Zona Maco has a general section of galleries who have applied to take part from across the US, Latin America, Europe and of course Mexico. There are plenty of big international players bringing their star names, such as Gagosian with their works by Baselitz and Damien Hirst. New York gallery Almine Rech has brought along playful and inviting sculptures and paintings by artists Justin Adian and Erik Lindman. Of the 20 Mexican galleries, names which stand out are Parque, with their new work by Yoshua Okón, one of the founders of the seminal artist-run La Panadería space in the 90s and House of Gaga, with a solo booth of late-Mexican artist Juan José Gurrola. Maco also provides a strong platform for some of the fantastic galleries that operate in Guadalajara, the city which is in many ways the capital of modern Mexican culture. Páramo is the cream of these Guadalajara galleries, and they are doubly represented, in the general section with works that include paintings by Carolyn Salas and photography by Graciela Iturbide, and in the New Proposals section where they have pieces by promising up-and-coming artists Myeong Soo Kim and Veronika Pausova.
It’s the newer galleries and the fair’s other, younger, sections where things are more interesting. The New Proposals section is invitation only, curated by Humberto Muro. Besides Páramo, other notable New Proposal galleries include New York-based albertz benda and Agustina Ferreyra from Puerto Rico. Thomas Albertz from albertz benda brought along pieces by Ali Silverstein and Lucia Love. He’s excited to be here at his first Zona Maco as “Maco is a dream,” he said “An invitation here could mean being part of the General Section next year.”. Among all the New York galleries, it is good to see participation from across Latin America, including Ferreyra, with their bright colour palette brought by artists Ramiro Chaves and Ulrik Lopez, from Argentina and Mexico respectively.

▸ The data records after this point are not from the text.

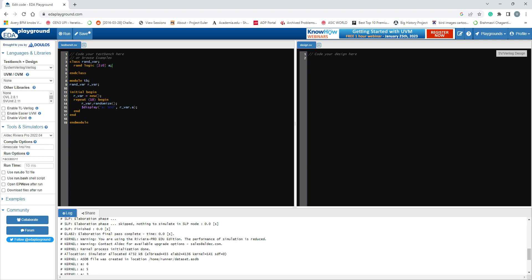To display how the randomization works, I created a module and call the randomization on a variable. We construct the constructor with a repeat loop inside a begin-end block that randomizes and displays the value. What will happen is the randomization will occur whenever this repeat loop runs - it will call ten times, randomizing the variable each time.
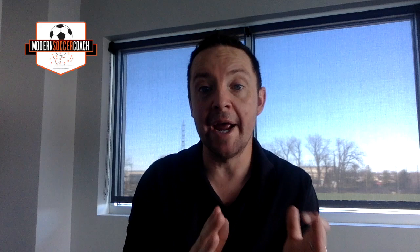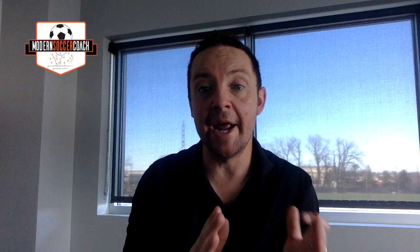Guillermo starts the practice with a 6v2 rondo. He starts with the decision-making component — he wants the rondo to be competitive, with angle passes. He doesn't allow passes going from player to player on the same lane; he wants angle passes. Then why does he bring in unopposed work second? Is there a reason why you've gone from opposed to unopposed?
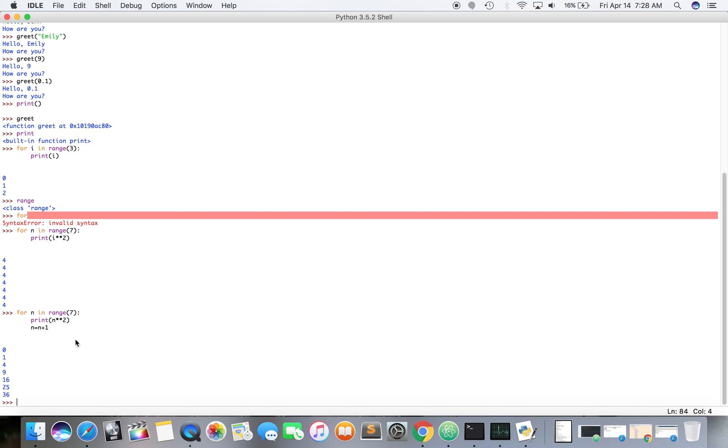Then we're gonna increment n up by one, increment n by one, which is to bump it up by one.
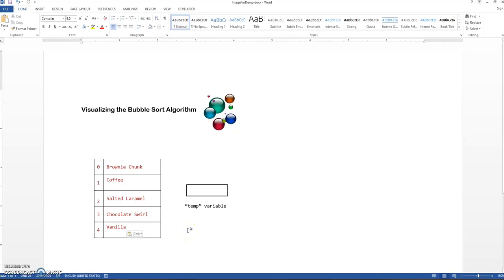So in the next video we're going to look at the code with the nested loops and see what a bubble sort looks like in code.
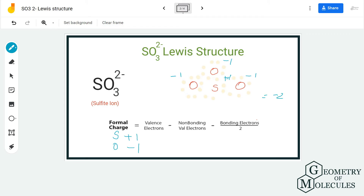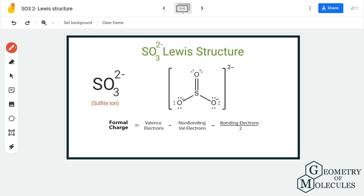Calculating these charges does give us a -2 overall charge, which matches the ion's charge. However, it is better to offer a structure in which atoms have zero formal charges, as that is more stable. So we are going to make a double bond by shifting a pair of electrons from one oxygen atom in between sulfur and oxygen, to see if we can achieve zero formal charges on sulfur.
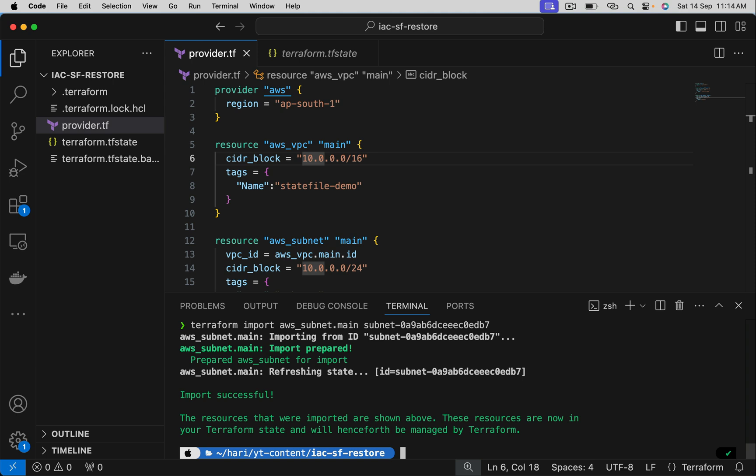In recent versions of Terraform, it has introduced import blocks. I am able to manually run and generate the state file, but let's say I want to do this in production. I may want to execute this through some CI tool like Jenkins. I can't go and run those commands one after one. So what we can do is add these details inside the Terraform project itself using import blocks. Let me show that.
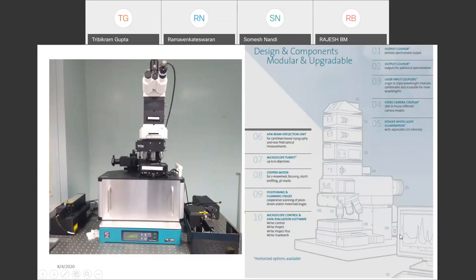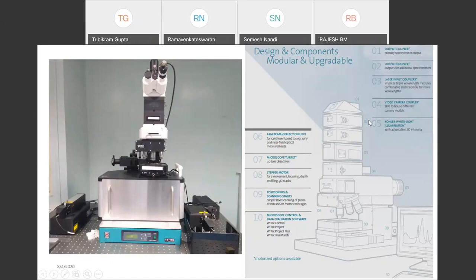Let's look at the instrument we have in our laboratory — this is the confocal Raman spectrometer. On the left-hand side image we can see the optical microscope, with two lasers adjacent to it and the spectrometer connected behind. On the right-hand side: number one is where you take the optical fibers going towards the spectrometer; number two is the output for additional spectrometers; number three is the laser input couplers — we have two, one at 532 nanometer and another at 365 nanometer wavelength, which can be coupled to the microscope.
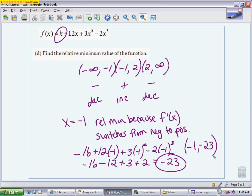Part A is worth three points: one for finding the derivative correctly, one for setting up intervals to determine increasing versus decreasing, and one for the explanation connecting a positive derivative to the function increasing. Part B is worth two points: one for finding the maximum occurs at x equals 2, and one for finding k equals negative 16. Part C is worth two points: one for using the second derivative successfully, and one for explaining when it's concave up and why. Part D is worth two points: one for identifying the minimum at x equals negative 1 with justification, and one for finding the y value of negative 23.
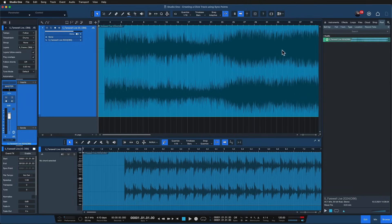So make sure that this song setting is off or at least the audio track that you're importing an audio file on is not set to time stretch.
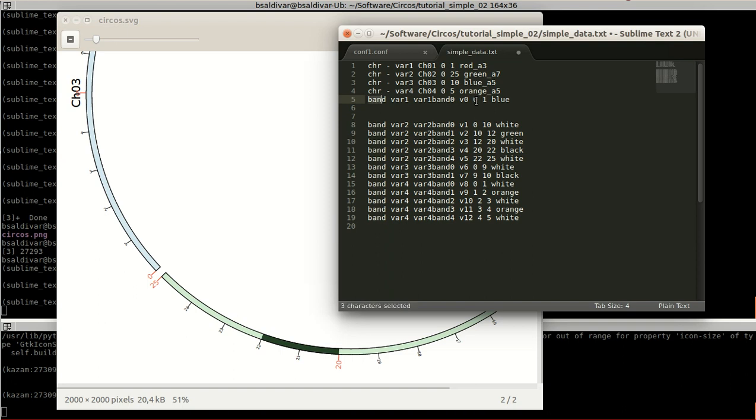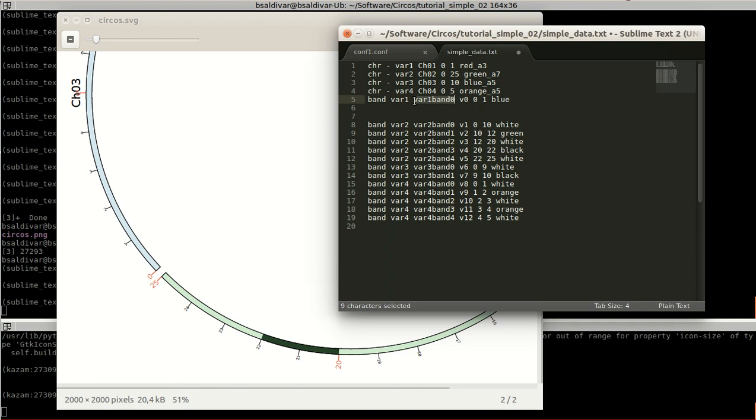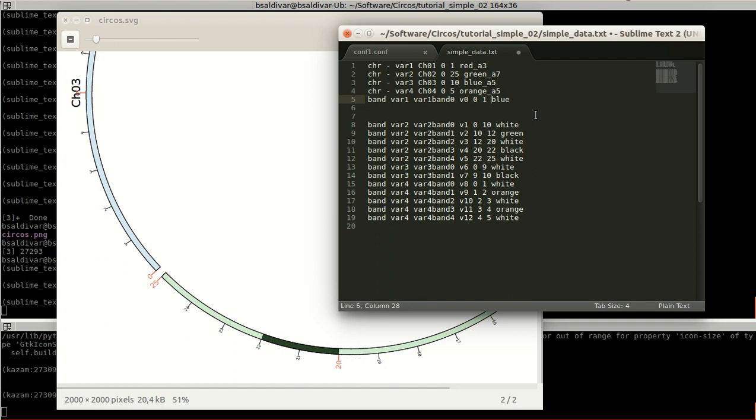The format is start with band, the word band, then the name of the karyotype variable name. In this case it's bar 1, then the name of the variable for the band. In this case the band is going to be called bar 1 band 0. And this other part here is supposed to represent the label but it actually doesn't work, so actually put anything here. The next two represent the start and the end of the band. And finally, the color.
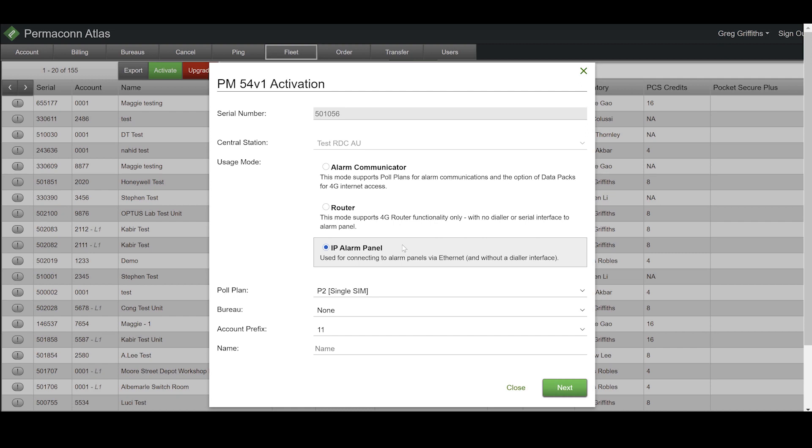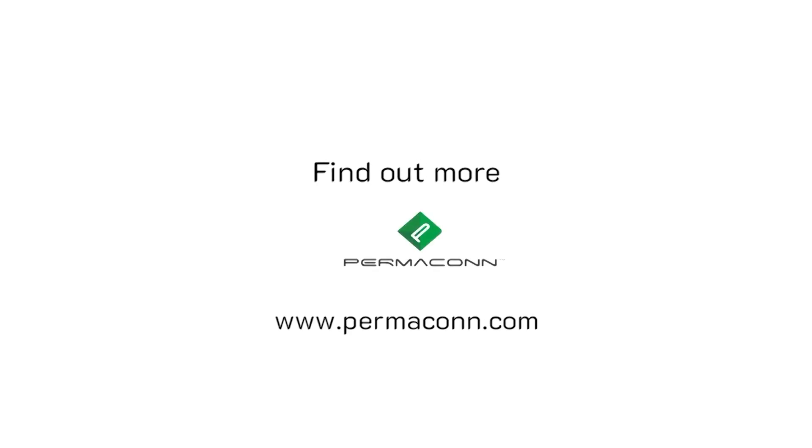This summarizes the difference between the PM54's usage modes.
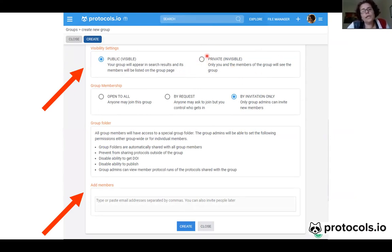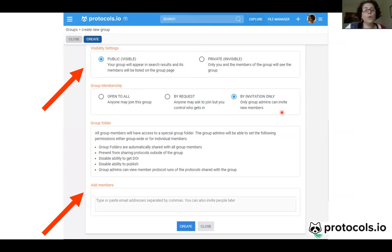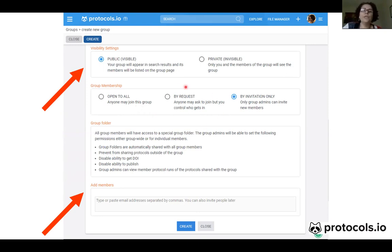Once you click on private, the only way that members can join your group is by invitation only. That means no one can see your group — it's not open, no one can join it, and no one can request to join the group because they cannot see it.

Material has been given a boost this year from Mexican galleries that have chosen it over Zona Maco. Labor have strong sculptures by Pedro Reyes and mixed media and paintings by Katinka Bock and Jerónimo Elespe. José García Torres’ non-commercial but hugely successful venture – now fully independent since his former backers are now running their own version of Proyectos Monclova without José García Torres – has found its spiritual home in Material. And here the works by Nina Beier, José León Cerillo, and Simon Fujiwara, among others, are the stars of the fair.
Other impressive galleries here are Almanaque, a photography gallery in Mexico City, perhaps the young pretender to Patricia Conde’s crown who has long been the photography gallery in Mexico City, and who is of course showing at Maco, and Marso + Apalazzo who are showing stunning work by Alexandra Sukhareva and other artists.
While at Zona Maco New York gallerists all talk about how international Latin America is, however Texas-based gallerist James Cope from And Now gallery in Dallas argues that it doesn’t feel like “crossing a border” to him. “It’s the same people, the gallerists from New York and LA from the rest of the circuit,” he says. Laura Bartlett from London is here with work by Venezuelan Sol Calero, LA-based Alex Olson and Margo Wolowiec from Detroit. She admits Material wasn’t exactly on her radar, she’s here because she was invited to be on the selection committee. But now she is here she hopes Material and Mexico City will feature more on her map. With Zona Maco as the most visited Latin American fair, all of the Mexican art scene looks to benefit.